The corporate regulator has decided to slow down their demands to terminate grandfathered commissions because they sense backlash from consumers, according to the Association of Independently Owned Financial Professionals (AIOFP).
In a response to the Australian Securities and Investments Commission’s (ASIC’s) recent announcement on grandfathered commissions, the AIOFP’s executive director Peter Johnston said product manufacturers had “cheated” financial advisers and consumers out of grandfathered revenue prematurely as a result of the Government and regulator’s “arrogance” and “bullying”.
“My view is they are sensing a backlash from consumers who are starting to realise that the cost of advice has escalated due to ridiculous levels of compliance and they are the ones paying for it,” he said.
“We all thought when a date was legislated it was honoured but apparently not with this Government. The resultant manufacturers cheating advisers and consumers out of grandfathered revenue prematurely is appalling arrogance and tantamount to bullying.

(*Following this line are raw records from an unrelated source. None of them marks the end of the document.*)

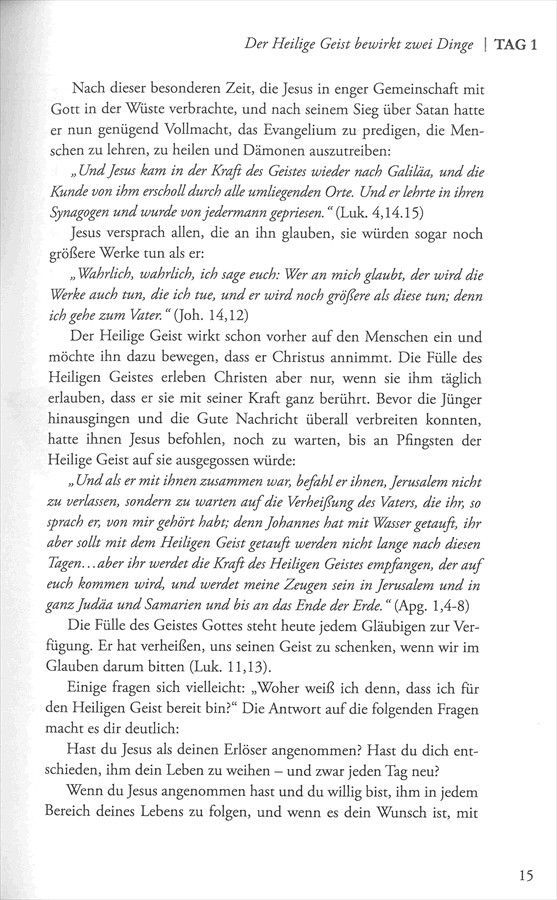 ABC Medien GmbH-40 Tage Andachten und Gebete, Buch 1_2430004_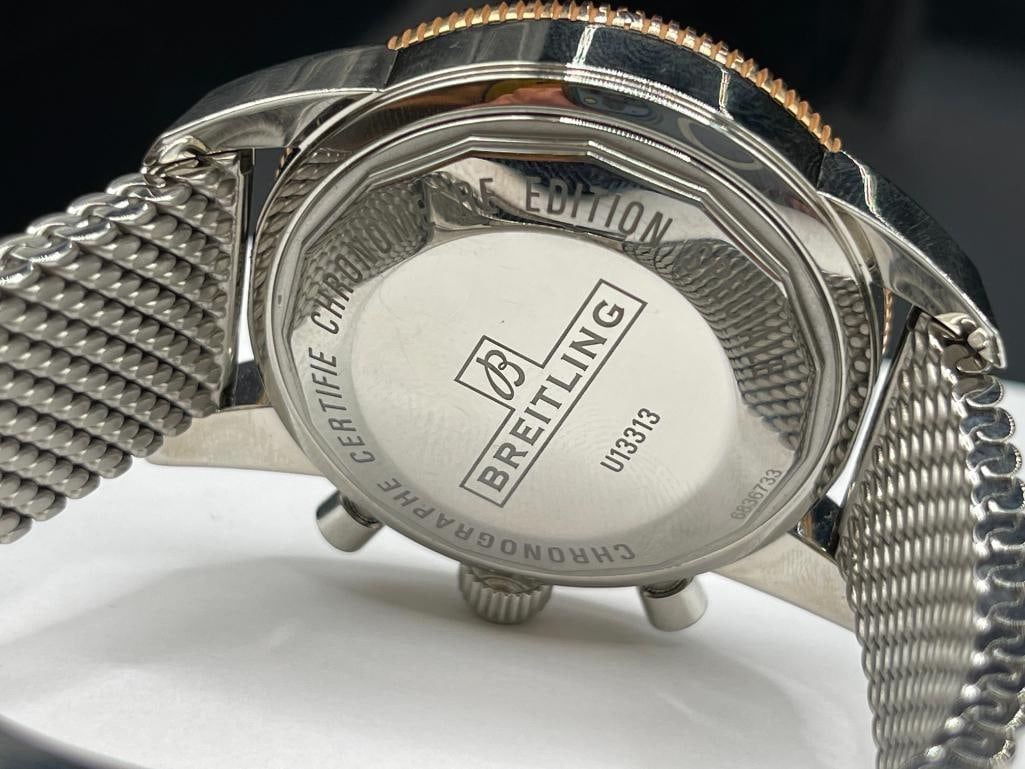BREITLING SUPER OCEAN CHRONOMETER WRISTWATCH - 8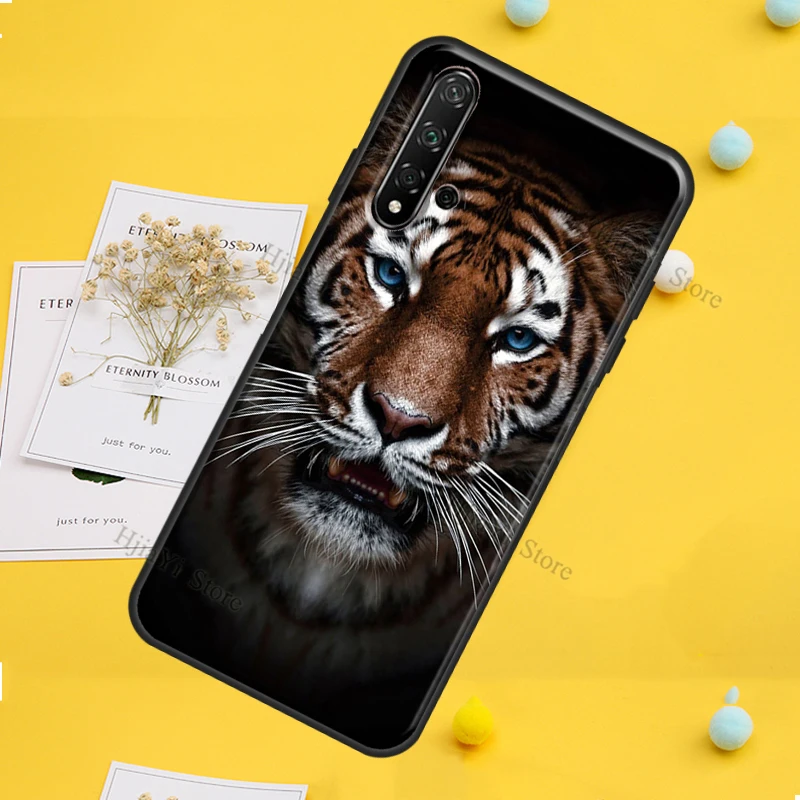 Tiger Face Design Protective Phone Case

“ASIC however have pointed out on their website that they were pushed into this ‘cheating’ by stating ‘which we commenced on direction from the Treasurer’…so over the past 12 months we have had manufacturers blaming ASIC for pushing them, now we have ASIC blaming the Treasurer for pushing them…rather pathetic desperate behaviour, akin to rats jumping off a sinking ship.”
Johnston said the AIOFP had sought assistance from the ASIC chair to direct product manufacturers to not switch off grandfathered revenue prematurely so consumers could seek some subsidised advice.
“It is rather weird and fantastical that we have to request regulators and politicians to abide by the legislation detail they put in place,” he said.
“It seems these three industry stakeholders are experts at pointing the finger of blame to avoid accountability, let’s hope they will now address product failure, work it out amongst themselves to share responsibility and stop blaming advisers.”